|NCAI Annual Convention, 1971 (P34204)|
One of my main activities with this collection was processing material from the second accession. Primarily, this meant sorting documents and folders into the categories that had been set up by previous archivists, as well as some basic description and preservation. Working with this material, most of which was from the 1970s and 1980s, allowed me to learn quite a bit about the work that NCAI did and the many issues facing native communities at the time. NCAI was a very active, and often very effective, advocate for Indian interests on Capitol Hill and in various other branches of the federal government. It also actively supported tribal governments around the country, providing training and support on issues ranging from litigation against the federal government to establishing tribal archives. In working with this collection, I learned about a whole host of topics including treaty fishing rights, nuclear waste storage, Indian responses to the bicentennial of the US Constitution, “Indian Preference” laws, and the inner workings of the Bureau of Indian Affairs.

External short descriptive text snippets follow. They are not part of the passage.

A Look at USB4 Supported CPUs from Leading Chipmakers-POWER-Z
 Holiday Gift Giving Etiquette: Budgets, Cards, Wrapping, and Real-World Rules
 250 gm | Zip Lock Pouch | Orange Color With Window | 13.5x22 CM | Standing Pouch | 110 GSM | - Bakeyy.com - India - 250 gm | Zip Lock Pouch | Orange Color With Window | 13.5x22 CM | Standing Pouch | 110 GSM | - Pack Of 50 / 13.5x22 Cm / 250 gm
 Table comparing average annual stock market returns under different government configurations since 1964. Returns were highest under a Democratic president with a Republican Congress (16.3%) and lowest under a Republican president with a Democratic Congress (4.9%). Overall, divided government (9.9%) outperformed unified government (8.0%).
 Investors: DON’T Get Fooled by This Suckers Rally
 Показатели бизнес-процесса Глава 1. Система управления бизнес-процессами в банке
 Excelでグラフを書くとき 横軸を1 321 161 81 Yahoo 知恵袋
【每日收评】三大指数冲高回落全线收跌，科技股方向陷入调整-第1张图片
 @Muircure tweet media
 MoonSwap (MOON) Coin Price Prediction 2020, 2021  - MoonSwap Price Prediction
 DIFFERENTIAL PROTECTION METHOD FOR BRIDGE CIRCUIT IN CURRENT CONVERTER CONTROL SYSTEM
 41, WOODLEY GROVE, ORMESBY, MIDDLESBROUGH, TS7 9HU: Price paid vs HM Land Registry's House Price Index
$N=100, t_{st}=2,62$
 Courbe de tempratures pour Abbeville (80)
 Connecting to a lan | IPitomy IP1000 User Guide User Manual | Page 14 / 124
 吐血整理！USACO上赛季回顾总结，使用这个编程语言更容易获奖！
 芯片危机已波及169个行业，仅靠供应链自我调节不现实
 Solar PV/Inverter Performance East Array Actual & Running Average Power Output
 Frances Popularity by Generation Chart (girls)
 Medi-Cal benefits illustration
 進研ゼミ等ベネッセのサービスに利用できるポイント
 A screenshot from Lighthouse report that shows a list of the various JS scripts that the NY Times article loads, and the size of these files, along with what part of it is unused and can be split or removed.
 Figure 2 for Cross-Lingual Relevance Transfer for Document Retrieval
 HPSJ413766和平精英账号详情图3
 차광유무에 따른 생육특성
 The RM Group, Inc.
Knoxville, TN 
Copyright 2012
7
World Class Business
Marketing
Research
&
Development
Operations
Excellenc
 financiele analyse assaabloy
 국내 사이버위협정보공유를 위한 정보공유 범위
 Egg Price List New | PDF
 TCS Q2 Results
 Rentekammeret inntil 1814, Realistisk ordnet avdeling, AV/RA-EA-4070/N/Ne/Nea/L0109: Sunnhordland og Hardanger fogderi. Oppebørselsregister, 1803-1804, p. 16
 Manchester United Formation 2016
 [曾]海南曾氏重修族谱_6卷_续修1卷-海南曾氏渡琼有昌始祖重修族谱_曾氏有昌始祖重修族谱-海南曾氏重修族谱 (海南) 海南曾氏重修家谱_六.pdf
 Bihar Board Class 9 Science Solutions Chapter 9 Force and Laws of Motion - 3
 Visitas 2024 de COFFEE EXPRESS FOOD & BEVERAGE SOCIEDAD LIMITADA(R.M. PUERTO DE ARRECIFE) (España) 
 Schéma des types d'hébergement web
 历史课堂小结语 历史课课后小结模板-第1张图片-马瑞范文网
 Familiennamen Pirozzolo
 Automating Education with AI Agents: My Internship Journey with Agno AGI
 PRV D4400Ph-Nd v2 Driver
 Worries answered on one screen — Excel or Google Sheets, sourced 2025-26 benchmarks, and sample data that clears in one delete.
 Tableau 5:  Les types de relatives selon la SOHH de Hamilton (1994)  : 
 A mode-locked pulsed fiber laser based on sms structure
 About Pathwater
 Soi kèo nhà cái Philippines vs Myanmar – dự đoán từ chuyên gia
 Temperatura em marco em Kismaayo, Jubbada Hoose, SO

|NCAI Delegates relaxing at the 1958 Annual Convention (P34180)|
These other records, while maybe less historically impressive, let us see the personality of the organization and the individuals involved. One staff member in the 1980s was fond of puns, and often ended memos with “Thank ewe.” Elsewhere in the collection, lyric sheets document the “Average Savage Review,” a satirical comedy show occasionally put on by NCAI staff. One of my favorite songs from one show begins, “There was a tribe that had a game, and Bingo was his name-o/B-I-N-G-O.” Again, not the most serious document in the collection, but it does give a good idea of what kind of people worked at NCAI, namely the kind who took time out of organizing their major national conference to write song parodies on current issues. Seeing the whole picture of the organization, everything from budget woes and staff issues to everyday inconveniences and practical jokes, makes the already significant achievements of the organization seem even more impressive.
Archival collections, I think, are unique in enabling us to get this kind of holistic view of people, organizations, and events. Working with historical records has an immediacy and excitement to it that makes it very rewarding. Sorting through the NCAI collection yielded surprises that could help me understand the organization better, think differently about the history of the United States, or just make me smile. That sense of surprise, as well as getting to work with the NMAI Archives Center’s wonderful staff, makes me even more eager to pursue archival work as a career.